I don't think this argument holds for more than one level of pointers. If I have a T** or T*** (I've seen those in the wild), what are the chances I want to see the T object at the end of the chain? I think they're very low. I think it's more likely, I'm looking at either:

  • some generic code which works with U*, where U happens to be a T*. In this case I'm more likely to want to see the pointer values that the final object.
  • or some C-like representation of an array (argc, argv), in which case formatter will just tell me something about the first element of the array (but maybe I want to see some other element, or information about the array itself)

Even if the users really does want to see the final object, they can still do that even if we don't dereference all the levels for them. It just means they need to do that themselves.

As for how does this fit in with documented behavior, I don't see much of a problem with that. It's true that you could interpret Don't use this format for pointers-to-type objects. as skipping any level of pointers, but I think you could also interpret it as skipping just one. It says "pointers to type", not "arbitrary level of pointers" or anything like that. For comparison, the cascade option (which skips arbitrary levels of typedefs) says this (emphasis mine) "If true, cascade through typedef chains.", which is a lot more explicit. It also makes more sense because typedefs are often chained and the language (the C family at least) treats typedefs (but not pointers) transparently.

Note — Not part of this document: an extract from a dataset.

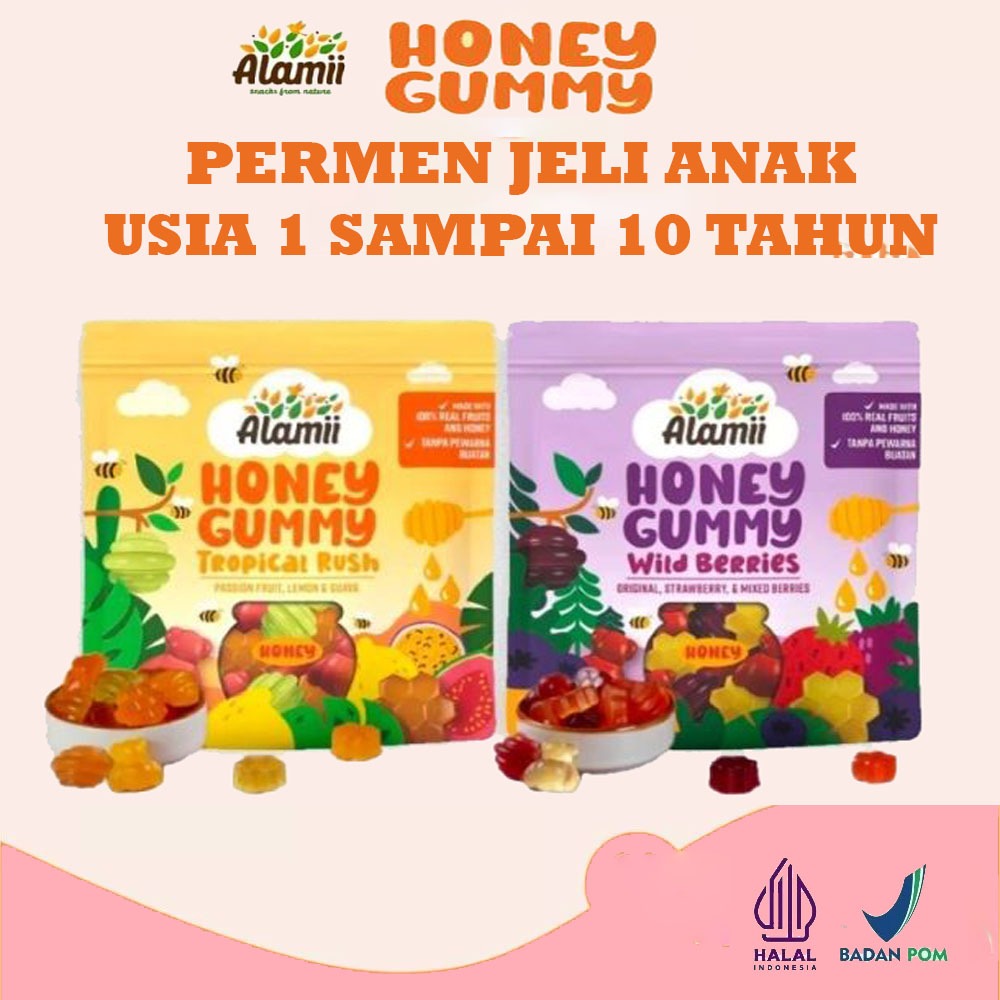 

Permen Jelly Alamii Honey Gummy | Permen Pemanis Madu Asli dan buah pilihan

In addition to that, the skip-references option uses the exact same language as for pointers, but it skips only one level of references (although that's because there are no reference chains at the language level, not because we chose to implement it that way). So, even though you can rightfully accuse me of retconning this, I think the result would be fine.

Another factor, which I think supports the fact that skipping all levels isn't the right default is that ~all of our pretty printers are currently broken for multiple pointer levels:

(std::map<int, int> *) pm = 0x00007fffffffd798 size=1
(std::optional<int> *) po =  Has Value=true 
(std::tuple<int, int> *) pt = 0x00007fffffffd780 size=2
(std::vector<int> *) pv = 0x00007fffffffd760 size=2
(std::map<int, int> **) ppm = 0x00007fffffffd758 size=0   # points to pm
(std::optional<int> **) ppo =  Has Value=false    # points to po
(std::tuple<int, int> **) ppt = 0x00007fffffffd748 size=0  # points to pt
(std::vector<int> **) ppv = 0x00007fffffffd740 size=1   # points to pv

If this was one incident, you could dismiss it as a buggy formatter, but since it affects all of them, I think this points to a deeper problem. We can fix all of our formatters to dereference all pointers, but that won't change all the pretty printers out there, and I'm sure that most of them have the same bug. We could try to fix all of them by dereferencing the value before handing it off to the formatter, but I don't think that's useful. The fact that we didn't notice this until now tells me users don't have that many double pointers floating around, and so they likely will not complain if we stop printing this output (which was incorrect anyway).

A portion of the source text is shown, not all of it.